◆ **Exercise prompt**: In the listing below, find the line holding "Eine Frau trägt schwarze Mary Janes" and the line holding "2018 JLG 742-4". Write out those two lines and all lines between, exactly, and nothing more.

◆ **Extracted data**:
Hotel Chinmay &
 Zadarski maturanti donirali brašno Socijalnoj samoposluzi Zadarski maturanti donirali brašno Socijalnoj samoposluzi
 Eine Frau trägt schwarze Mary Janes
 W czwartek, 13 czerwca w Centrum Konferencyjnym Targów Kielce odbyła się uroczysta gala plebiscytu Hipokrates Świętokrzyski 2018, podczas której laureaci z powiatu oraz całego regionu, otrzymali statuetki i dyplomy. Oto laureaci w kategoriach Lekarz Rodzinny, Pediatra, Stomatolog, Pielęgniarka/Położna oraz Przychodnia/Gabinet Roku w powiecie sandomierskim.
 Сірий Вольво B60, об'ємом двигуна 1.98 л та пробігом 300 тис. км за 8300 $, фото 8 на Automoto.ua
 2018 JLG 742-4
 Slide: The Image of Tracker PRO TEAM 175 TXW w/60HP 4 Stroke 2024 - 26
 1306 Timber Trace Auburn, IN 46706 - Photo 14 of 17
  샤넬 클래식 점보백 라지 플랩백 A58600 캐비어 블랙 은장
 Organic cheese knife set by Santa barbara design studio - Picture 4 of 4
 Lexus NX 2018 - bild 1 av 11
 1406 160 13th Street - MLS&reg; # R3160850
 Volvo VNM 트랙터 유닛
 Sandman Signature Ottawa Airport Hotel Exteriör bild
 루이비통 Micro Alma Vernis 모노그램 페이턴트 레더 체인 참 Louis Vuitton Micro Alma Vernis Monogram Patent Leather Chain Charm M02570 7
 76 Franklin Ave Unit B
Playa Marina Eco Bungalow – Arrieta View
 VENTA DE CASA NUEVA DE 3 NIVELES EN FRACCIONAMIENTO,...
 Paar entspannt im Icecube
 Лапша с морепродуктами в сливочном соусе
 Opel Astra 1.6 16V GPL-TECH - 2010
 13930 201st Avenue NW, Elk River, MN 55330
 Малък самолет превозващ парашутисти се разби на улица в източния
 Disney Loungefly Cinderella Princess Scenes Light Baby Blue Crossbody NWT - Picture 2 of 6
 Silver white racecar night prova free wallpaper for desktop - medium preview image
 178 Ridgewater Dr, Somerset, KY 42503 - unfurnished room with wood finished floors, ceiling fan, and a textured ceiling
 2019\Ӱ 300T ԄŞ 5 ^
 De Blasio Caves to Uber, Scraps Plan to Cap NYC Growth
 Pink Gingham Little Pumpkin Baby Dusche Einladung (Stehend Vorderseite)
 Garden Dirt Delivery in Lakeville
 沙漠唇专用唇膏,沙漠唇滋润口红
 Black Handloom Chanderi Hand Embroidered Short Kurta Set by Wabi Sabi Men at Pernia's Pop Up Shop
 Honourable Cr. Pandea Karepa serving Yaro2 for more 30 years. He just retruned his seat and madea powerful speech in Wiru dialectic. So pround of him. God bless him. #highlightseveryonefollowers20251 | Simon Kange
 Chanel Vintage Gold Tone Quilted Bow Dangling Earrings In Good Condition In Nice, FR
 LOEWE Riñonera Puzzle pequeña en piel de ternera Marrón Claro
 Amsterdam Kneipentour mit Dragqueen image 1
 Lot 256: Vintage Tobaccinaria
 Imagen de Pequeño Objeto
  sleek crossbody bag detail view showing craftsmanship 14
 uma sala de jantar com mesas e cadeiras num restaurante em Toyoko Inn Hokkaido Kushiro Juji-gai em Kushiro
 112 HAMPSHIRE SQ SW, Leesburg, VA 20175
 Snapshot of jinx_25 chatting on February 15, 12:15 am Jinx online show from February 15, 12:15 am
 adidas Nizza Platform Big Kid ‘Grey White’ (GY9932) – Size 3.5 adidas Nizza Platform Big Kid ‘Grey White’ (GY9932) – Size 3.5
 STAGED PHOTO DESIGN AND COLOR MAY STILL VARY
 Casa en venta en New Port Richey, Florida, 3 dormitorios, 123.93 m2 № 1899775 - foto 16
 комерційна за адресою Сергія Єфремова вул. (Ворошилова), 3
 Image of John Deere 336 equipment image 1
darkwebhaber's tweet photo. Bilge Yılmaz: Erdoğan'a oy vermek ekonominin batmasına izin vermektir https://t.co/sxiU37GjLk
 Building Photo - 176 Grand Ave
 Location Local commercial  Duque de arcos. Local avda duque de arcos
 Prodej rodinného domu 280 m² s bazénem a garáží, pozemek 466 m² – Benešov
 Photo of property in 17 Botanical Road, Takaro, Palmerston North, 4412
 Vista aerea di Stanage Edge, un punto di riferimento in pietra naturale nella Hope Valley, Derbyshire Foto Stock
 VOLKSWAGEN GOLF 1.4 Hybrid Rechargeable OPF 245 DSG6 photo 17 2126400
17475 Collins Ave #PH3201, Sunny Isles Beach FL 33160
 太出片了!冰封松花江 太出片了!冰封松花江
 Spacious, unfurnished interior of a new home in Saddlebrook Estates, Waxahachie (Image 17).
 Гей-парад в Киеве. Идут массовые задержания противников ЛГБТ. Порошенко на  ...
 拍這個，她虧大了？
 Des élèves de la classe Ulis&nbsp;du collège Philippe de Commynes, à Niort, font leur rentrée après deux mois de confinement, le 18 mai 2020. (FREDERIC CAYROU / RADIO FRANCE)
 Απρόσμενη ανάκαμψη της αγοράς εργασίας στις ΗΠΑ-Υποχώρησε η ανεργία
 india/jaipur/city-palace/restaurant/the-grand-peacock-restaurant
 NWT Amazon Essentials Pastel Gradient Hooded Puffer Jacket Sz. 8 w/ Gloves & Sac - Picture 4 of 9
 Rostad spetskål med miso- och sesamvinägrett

◆ **Result**:
 Eine Frau trägt schwarze Mary Janes
 W czwartek, 13 czerwca w Centrum Konferencyjnym Targów Kielce odbyła się uroczysta gala plebiscytu Hipokrates Świętokrzyski 2018, podczas której laureaci z powiatu oraz całego regionu, otrzymali statuetki i dyplomy. Oto laureaci w kategoriach Lekarz Rodzinny, Pediatra, Stomatolog, Pielęgniarka/Położna oraz Przychodnia/Gabinet Roku w powiecie sandomierskim.
 Сірий Вольво B60, об'ємом двигуна 1.98 л та пробігом 300 тис. км за 8300 $, фото 8 на Automoto.ua
 2018 JLG 742-4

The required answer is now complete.